The other thing I hate about new taxes is it seems to indicate a new lie by our leaders (I can say ‘lie’, I’m not in the legislature where there is a list of unacceptable words). For example, take Robert Ghiz and the promise in the 2011 election not to introduce HST to P.E.I. OK, he says it was another Liberal. Same difference. It got ‘introduced’ (political term for ‘open your wallet’).
Then those same Liberals (I forget which one) promised not to increase HST in the 2015 election. It got increased.
Let’s leave the past behind and move to the now in Canada. Sunny Ways Trudeau, king of the selfie and photo-op stood on the world stage in Paris and said Canada was going to save the world from climate change. Everybody loved his smile and his socks and thought all is right with the world. King Wade of the MacLauchlan clan said he would follow his leader and bring the carbon tax to P.E.I.
That’s where my blood pressure begins to rise. At the time MacLauchlan said we will have a carbon tax, CBC reported (Dec. 2016) “Agriculture and transportation accounts for 65 per cent of P.E.I.'s greenhouse gas emissions, but MacLauchlan said gas in the fishing and farming sectors will be exempt.” Exempt? This shows you how serious an approach he’s taking in the climate change issue.
While we’re looking at the Island government’s climate change fight, let’s look at the two main producers of carbon here on P.E.I. The first is energy used in heating our homes and businesses. Remember the winter of 2015? Climate change, my butt. This cold weather is a given and we can all pat our politicians on the back when they suggest we buy more caulking for the windows in the homestead.

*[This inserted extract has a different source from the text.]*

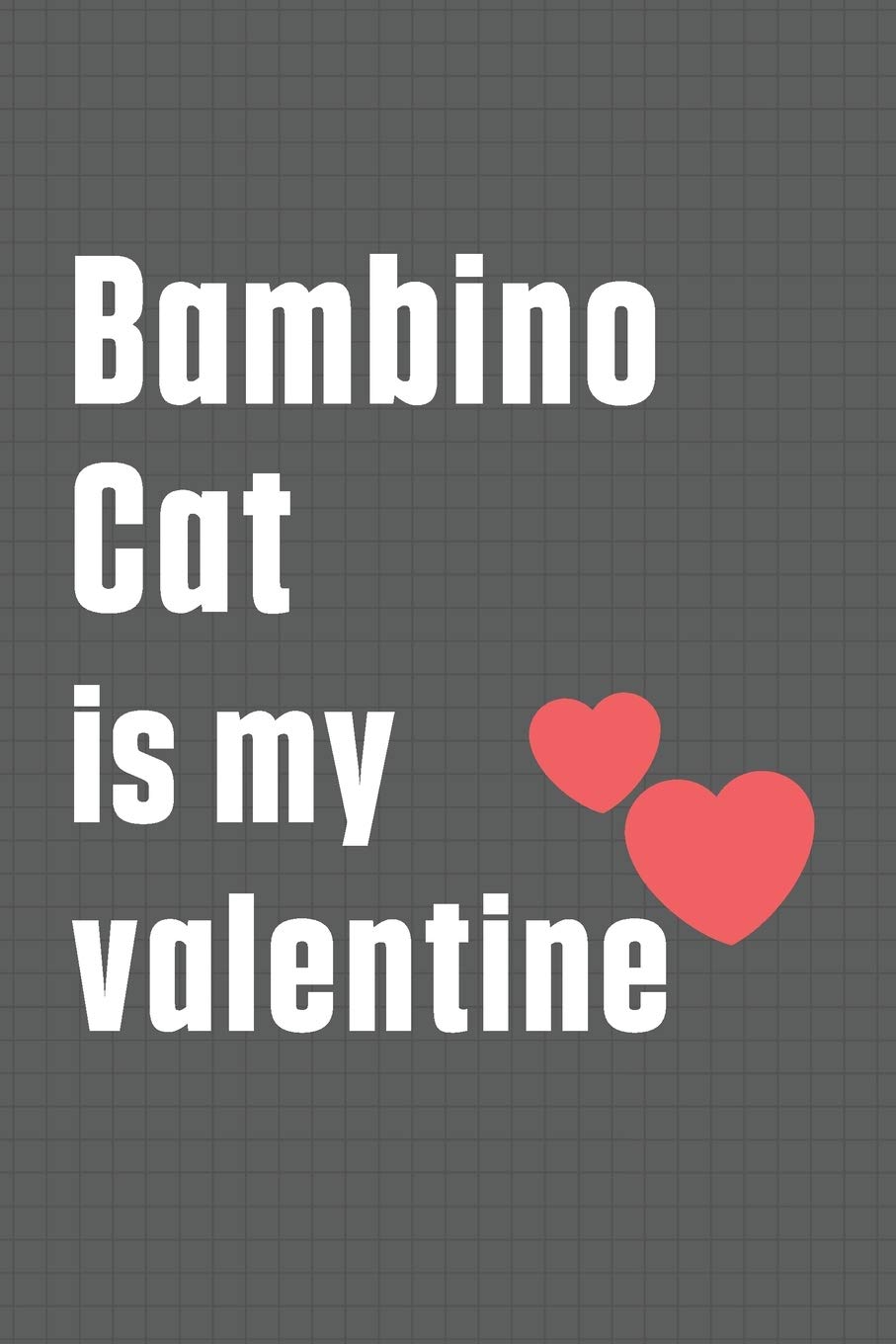 Bambino Cat is my valentine: For Bambino Cat Fans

I tried to do something about it in 2015; I got rid of my oil-spill-waiting-to-happen oil tank and my carbon-belching oil furnace and went with propane. Much cleaner, no chance of a spill. Instead of a thank you letter from the premier for producing less pollution, I get a kick in the teeth in the form of 10% more taxes on my energy source. Huh? Aren’t we trying to save the planet here? I asked my MLA, Doug Currie, if they were going to remedy this. He said I wasn’t in the 95 per cent of Islanders who use oil. Excuse me?
Recently, local news has been talking about the electric vehicle efficiencyPEI. is touring around the Island. Green Party leader Peter Bevan-Baker wants the province to bring back financial incentives, removed several years ago, to purchase electric and electric/hybrid cars.

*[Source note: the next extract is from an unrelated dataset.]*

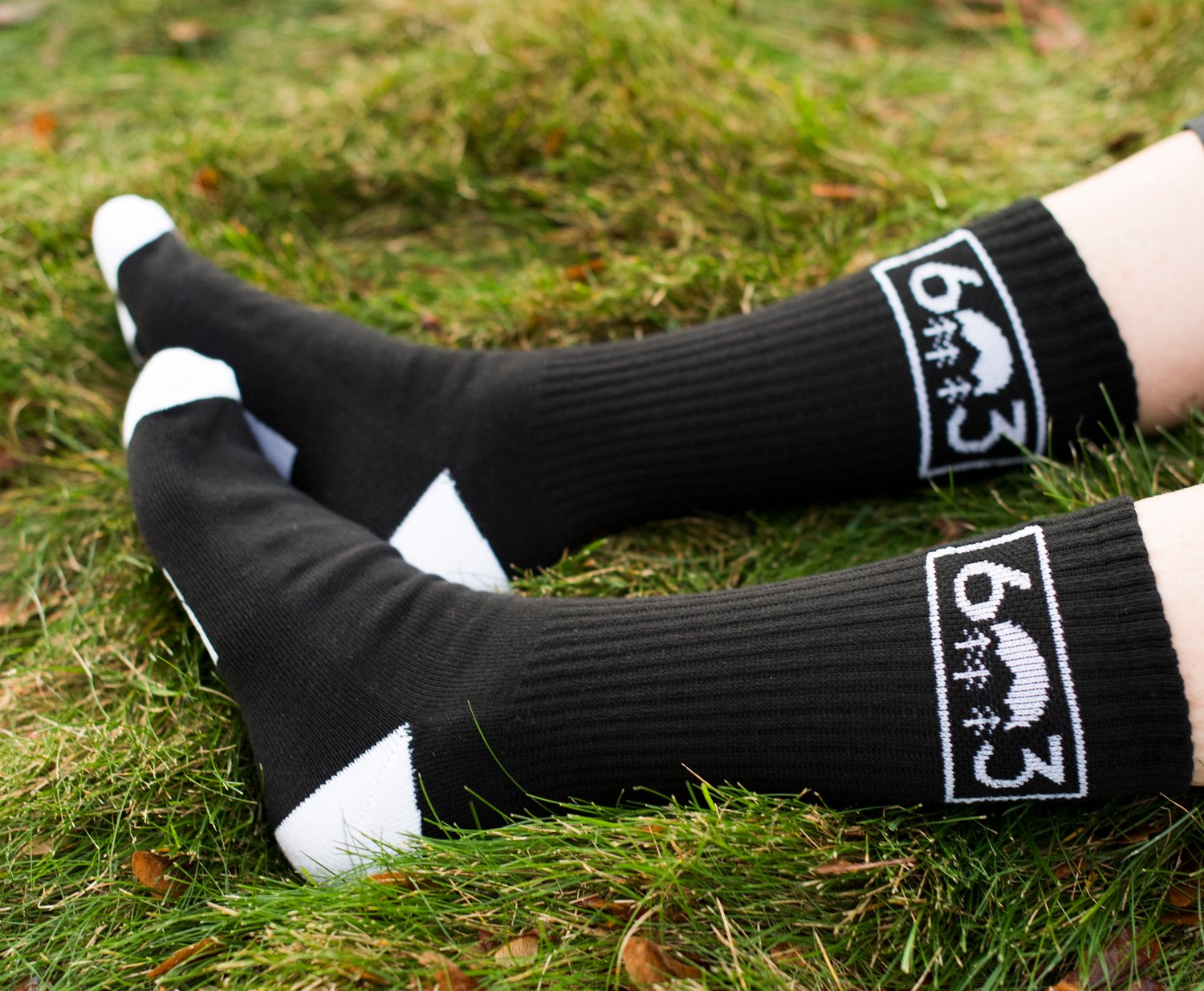 Image of 603 black/white socks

The MacLauchlan government has said ‘they are considering this as part of their climate change strategy’. What that says to me is that if subsidies are brought back, they will be paid for by a carbon tax on gasoline. This money will come out of the pockets of many low-income working Islanders who can barely afford to put overpriced gas in the family car now. This tax money will go into the pockets of those who, for the most part, can afford that shiny new electric car without financial aid. Fair? You tell me.

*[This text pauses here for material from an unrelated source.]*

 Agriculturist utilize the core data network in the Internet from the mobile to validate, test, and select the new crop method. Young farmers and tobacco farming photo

So, Mr. Premier, if you bring in a carbon tax, tax the right people. Tax those who produce the most pollution, the big businesses, not working people. These companies claim fuel taxes on their corporate income tax. We working people cannot.
And working people vote.
- Lloyd Kerry, Charlottetown has been a P.E.I. taxpayer for over 40 years with a strong concern for Island working people.